Christmas Midnight Mass

24 December 2023

Appears in: Messages and Homilies

Christmas Midnight Mass


[Isaiah 9:2-4, 6-7; Psalm 96; Titus 2:11-14; Luke 2:1-16]

As the feast of Christmas is celebrated this year, much of the world’s attention is directed to that place where the birth of Jesus occurred – the city of Bethlehem. The Holy Land finds itself in a time of war, and news out of Bethlehem is anything but good; many of the usual public Christmas celebrations there have even been cancelled.

At the same time as such sad and depressing reports reach us through secular media, we listen tonight to an announcement from the Gospel of good and hopeful news. It also comes to us out of Bethlehem, but from centuries ago: “And she gave birth to her firstborn son and wrapped him in swaddling clothes, and laid him in a manger, …” This report from Saint Luke is made not in the context of war but concord, and points the way to real and everlasting peace, for which every one of every age longs, especially now. So, let’s pay close attention to it.

History records that the birth of our Lord occurred in the time of Caesar Augustus, by whose reign the entire Roman empire was at peace. The angelic announcement of the Nativity also speaks of “peace on earth”. But the peace occasioned by Caesar and that which came with the birth of Jesus are two very different realities.

When Joseph and Mary traveled to Bethlehem, the peace experienced throughout the empire was political in nature; it was merely the absence of war. The peace heralded by the birth of our Lord is of an entirely different order. It is God’s peace, the peace that reigns in heaven and that, in Christ, has descended to earth. It is a reality of the heart, a deep inner tranquility, harmony, and calm that arise from the knowledge that God is with us, our sins are forgiven, and we need have no fear.

While these two experiences of peace differ from each other, they are not unrelated. Conflicts between peoples arise from conflicted hearts. When interior peace is replaced by hatred, bitterness, and guilt, peaceful relations with others are soon fractured.
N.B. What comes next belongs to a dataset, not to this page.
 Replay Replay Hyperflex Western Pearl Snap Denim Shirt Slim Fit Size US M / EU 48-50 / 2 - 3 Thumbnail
The cry for peace echoes throughout the world today as a plea for the cessation of war. That is understandable and right. But the announcement of the birth of Christ tells us it is insufficient. What is needed is God’s peace, a deep and permanent healing of hearts and minds. Only in this way will people find the way back to one another.
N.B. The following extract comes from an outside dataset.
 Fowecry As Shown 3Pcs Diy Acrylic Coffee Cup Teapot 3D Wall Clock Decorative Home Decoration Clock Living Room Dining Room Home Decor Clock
Here we see why the announcement of the Christmas message is so very urgent, and not only for people in the grip of war. Conflict is a stranger to none of us. We are seeing it in polarized societies, marginalized populations, and broken relationships. In this context, our cry for peace is an entreaty for reconciliation. Again, this can only become a reality when the peace we seek is that given in the person of Jesus Christ.

Saint Paul tells us why. In Jesus, he says, “the grace of God has appeared.” In other words, Jesus is God Incarnate, God become one of us, God with us. Jesus alone can lead us to true peace because he is our peace. In Jesus Christ, the Son of God born of Mary, heaven and earth unite. In him, God and humanity are reconciled. This makes Jesus the way for all people to be united with both God and one another and thus know real peace.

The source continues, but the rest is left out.